Les conséquences de l'annulation de la désignation du syndic
Dans un arrêt rendu le 27 février 2025 (n° 23-14.697), la troisième chambre civile de la Cour de cassation a jugé que l'annulation de la désignation d'un syndic par l'assemblée générale oblige ce dernier à rembourser au syndicat des copropriétaires l'ensemble des honoraires perçus. Pour éviter ce risque, les syndics doivent convoquer une nouvelle assemblée générale dès qu'un doute juridique pèse sur la validité de leur nomination, afin de régulariser leur mandat.
Copropriété, résidence de tourisme, bail commercial et actions contre les constructeurs.
Les résidences de tourisme constituent des copropriétés particulières. Bien que soumises aux règles issues de la loi n° 65-557 du 10 juillet 1965 fixant le statut de la copropriété, elles relèvent également de certaines dispositions du code du tourisme imposant l'intervention d'un exploitant.
Plusieurs immeubles, soumis au statut de la copropriété pour ensuite être exploités comme résidences de tourisme, ont été construits dans le cadre d'une vente en l'état futur d'achèvement.
Divers désordres ayant été constatés, les syndicats de copropriétaires de ces immeubles ont assigné en référé expertise l'assureur dommages-ouvrage, ainsi que les différents intervenants à la construction et leurs assurances respectives.
Dans deux arrêts du 22 mai 2025 (N° 23-19.544 et 23-19.545), la Cour de cassation rappelle que, même en présence d'une clause subrogeant l'exploitant dans ses droits et actions contre les constructeurs et leurs assureurs, celle-ci n'a pas pour effet de priver un syndicat des copropriétaires de sa qualité à agir à leur encontre en vue d'obtenir la réparation des dommages affectant les parties communes de l'immeuble.
Modalités d'affichage et de notification de l'arrêté de la personne publique procédantà une expropriation pour cause d'utilité publique
Rappelons que l'expropriation pour cause d'utilité publique est une procédure qui permet à une personne publique de contraindre une personne privée ou morale, y compris donc un syndicat des copropriétaires, à céder la propriété de son bien, moyennant le paiement d'une indemnité aux fins de réaliser un ouvrage public ou un aménagement urbain.
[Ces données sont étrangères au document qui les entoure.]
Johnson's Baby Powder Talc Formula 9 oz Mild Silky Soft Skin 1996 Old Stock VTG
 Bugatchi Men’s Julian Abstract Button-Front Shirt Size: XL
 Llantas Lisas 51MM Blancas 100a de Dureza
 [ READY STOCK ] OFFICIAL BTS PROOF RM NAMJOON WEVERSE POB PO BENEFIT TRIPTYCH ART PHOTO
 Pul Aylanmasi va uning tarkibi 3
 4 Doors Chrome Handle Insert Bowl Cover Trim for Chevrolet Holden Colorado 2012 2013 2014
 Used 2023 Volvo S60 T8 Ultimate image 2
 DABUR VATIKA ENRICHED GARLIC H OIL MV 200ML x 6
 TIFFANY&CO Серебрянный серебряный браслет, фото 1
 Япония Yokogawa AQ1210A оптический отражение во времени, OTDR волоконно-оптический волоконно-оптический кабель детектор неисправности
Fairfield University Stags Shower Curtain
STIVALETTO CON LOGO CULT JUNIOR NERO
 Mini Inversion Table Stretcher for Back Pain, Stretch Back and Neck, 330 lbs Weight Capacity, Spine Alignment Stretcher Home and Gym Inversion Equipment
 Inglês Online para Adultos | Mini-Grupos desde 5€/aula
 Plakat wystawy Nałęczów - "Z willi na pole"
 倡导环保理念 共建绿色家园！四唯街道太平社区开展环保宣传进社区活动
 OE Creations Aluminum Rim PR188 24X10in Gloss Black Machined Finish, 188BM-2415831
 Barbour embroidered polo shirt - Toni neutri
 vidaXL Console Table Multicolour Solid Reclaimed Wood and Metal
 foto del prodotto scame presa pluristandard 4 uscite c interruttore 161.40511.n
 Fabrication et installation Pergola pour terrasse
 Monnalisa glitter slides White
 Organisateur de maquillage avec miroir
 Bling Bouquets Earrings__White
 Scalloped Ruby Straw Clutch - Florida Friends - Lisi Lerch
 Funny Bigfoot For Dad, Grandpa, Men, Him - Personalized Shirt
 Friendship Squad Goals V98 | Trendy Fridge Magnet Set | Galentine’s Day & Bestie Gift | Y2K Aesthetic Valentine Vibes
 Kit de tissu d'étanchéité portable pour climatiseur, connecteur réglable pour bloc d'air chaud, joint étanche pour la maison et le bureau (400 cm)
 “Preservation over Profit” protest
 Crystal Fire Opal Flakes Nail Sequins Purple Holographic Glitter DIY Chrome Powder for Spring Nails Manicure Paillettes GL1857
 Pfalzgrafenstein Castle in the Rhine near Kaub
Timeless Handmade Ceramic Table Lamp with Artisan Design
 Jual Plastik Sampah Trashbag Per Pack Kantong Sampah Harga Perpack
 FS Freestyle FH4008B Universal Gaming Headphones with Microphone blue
Lorsque l'expropriation concerne un bien situé en copropriété la situation se complique sur le plan juridique.
Le décret N° 2025-228 du 10 mars 2025 vise ainsi à encadrer les modalités d'affichage des arrêtés d'expropriation dans les lieux publics et les propriétés concernées, avec une notification formelle au syndic et à tous les copropriétaires avec des délais de recours strictement encadrés.
La transformation de bureaux en logements au sein d'une copropriété
Jusqu'à présent, la transformation des parties privatives à usage autre que d'habitation (bureaux, ateliers...) en logements ne pouvait se faire qu'à l'unanimité des copropriétaires, lorsque cette transformation contrevenait à la destination de l'immeuble. L'opposition d'un seul copropriétaire suffisait pour que le changement n'ait pas lieu.
La loi du 16 juin 2025 modifie cela : désormais, l'approbation de cette transformation par l'assemblée générale des copropriétaires se fait à la majorité des voix exprimées, soit la majorité de l'article 24. Cette majorité est également applicable pour la modification de la répartition des charges qui résulte de ce changement de destination.
L'obligation pour les professionnels du secteur d'une veille juridique permanente est de plus en plus accrue et nécessite l'accompagnement par un professionnel du droit pour cerner les conséquences dans l'exercice quotidien de leurs missions.